Time is considered to be constant in the sense that it progresses at a consistent rate. However, time can appear to vary due to factors such as the speed of an observer or the presence of gravity. This is known as time dilation and is a concept in Einstein's theory of relativity.

3. Can we travel through time?

While time travel is a popular concept in science fiction, it is currently not possible in reality. The laws of physics do not allow for objects to travel backwards in time. However, some theories, such as the concept of wormholes, suggest that time travel may be possible in the future.

4. How does time affect our daily lives?

Time is a crucial aspect of our daily lives as it helps us organize and plan our activities. It allows us to keep track of the past, be present in the present, and anticipate the future.

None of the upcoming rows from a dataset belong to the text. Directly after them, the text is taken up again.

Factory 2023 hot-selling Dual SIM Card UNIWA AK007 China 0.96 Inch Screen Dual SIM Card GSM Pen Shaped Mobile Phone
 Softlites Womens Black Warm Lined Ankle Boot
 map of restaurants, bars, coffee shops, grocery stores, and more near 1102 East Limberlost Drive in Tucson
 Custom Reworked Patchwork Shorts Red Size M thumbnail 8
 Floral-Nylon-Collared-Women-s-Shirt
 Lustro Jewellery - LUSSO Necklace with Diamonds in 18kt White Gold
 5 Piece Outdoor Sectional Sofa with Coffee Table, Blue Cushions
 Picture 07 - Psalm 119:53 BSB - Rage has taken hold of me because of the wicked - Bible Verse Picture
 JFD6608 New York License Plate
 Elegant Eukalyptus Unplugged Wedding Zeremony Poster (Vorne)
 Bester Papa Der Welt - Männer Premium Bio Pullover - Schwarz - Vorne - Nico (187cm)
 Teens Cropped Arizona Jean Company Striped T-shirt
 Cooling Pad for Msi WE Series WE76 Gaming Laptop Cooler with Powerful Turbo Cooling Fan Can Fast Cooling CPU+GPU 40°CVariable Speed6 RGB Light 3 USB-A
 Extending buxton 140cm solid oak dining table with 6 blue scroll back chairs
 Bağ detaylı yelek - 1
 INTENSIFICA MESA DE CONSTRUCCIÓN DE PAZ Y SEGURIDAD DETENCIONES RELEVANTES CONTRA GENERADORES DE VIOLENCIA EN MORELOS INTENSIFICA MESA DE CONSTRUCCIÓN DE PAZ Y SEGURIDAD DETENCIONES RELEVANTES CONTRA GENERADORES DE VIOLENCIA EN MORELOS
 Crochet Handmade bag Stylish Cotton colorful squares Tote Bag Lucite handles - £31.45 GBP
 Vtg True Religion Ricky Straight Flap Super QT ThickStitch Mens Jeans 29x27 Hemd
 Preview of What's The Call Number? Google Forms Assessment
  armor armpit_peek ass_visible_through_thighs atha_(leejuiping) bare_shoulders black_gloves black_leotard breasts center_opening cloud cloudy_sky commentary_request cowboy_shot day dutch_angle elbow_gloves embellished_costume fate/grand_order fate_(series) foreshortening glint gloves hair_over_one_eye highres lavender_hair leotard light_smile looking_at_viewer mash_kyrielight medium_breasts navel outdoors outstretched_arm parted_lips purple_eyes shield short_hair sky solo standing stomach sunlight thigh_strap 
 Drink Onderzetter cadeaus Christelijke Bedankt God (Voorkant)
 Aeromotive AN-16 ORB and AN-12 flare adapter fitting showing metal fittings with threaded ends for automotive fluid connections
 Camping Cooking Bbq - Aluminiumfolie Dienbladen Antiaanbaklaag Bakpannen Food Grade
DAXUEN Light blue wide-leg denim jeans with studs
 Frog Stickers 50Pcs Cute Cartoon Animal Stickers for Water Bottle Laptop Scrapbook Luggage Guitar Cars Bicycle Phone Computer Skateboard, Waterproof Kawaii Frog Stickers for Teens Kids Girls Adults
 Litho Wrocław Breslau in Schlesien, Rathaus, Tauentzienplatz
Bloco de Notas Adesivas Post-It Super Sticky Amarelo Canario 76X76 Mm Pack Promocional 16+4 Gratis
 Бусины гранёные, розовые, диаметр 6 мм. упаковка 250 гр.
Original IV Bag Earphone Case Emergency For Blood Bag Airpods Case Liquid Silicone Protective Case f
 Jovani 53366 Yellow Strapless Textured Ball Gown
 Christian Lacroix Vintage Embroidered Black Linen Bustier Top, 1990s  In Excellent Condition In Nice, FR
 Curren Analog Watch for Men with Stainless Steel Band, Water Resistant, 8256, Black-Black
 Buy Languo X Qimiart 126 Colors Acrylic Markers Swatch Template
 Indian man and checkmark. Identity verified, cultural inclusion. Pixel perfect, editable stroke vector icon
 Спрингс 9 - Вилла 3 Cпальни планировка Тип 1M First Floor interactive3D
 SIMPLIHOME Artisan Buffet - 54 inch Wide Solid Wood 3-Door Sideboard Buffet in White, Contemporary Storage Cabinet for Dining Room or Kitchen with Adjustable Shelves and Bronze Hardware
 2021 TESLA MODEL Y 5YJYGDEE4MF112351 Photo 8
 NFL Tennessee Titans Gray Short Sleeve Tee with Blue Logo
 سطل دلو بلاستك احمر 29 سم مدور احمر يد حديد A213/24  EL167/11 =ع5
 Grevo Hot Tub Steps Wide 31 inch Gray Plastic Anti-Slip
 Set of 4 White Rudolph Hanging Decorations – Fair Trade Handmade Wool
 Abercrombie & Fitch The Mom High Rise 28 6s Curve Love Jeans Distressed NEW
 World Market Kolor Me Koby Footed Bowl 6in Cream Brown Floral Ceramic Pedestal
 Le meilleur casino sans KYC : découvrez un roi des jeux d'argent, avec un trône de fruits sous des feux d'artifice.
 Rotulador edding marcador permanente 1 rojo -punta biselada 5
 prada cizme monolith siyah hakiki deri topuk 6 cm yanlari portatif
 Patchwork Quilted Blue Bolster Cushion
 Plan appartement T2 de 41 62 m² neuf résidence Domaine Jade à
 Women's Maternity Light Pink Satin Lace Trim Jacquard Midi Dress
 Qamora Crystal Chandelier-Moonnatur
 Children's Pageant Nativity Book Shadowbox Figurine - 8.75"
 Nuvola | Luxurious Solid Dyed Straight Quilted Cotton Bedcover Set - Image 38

Time also plays a role in our perception of aging and the passing of seasons.

5. Can time be manipulated or controlled?

While we cannot manipulate time in the sense of altering its progression, we can control how we perceive and use time. Through the use of clocks, calendars, and schedules, we can manage our time to be more efficient and productive. However, time itself remains a constant and cannot be controlled by humans.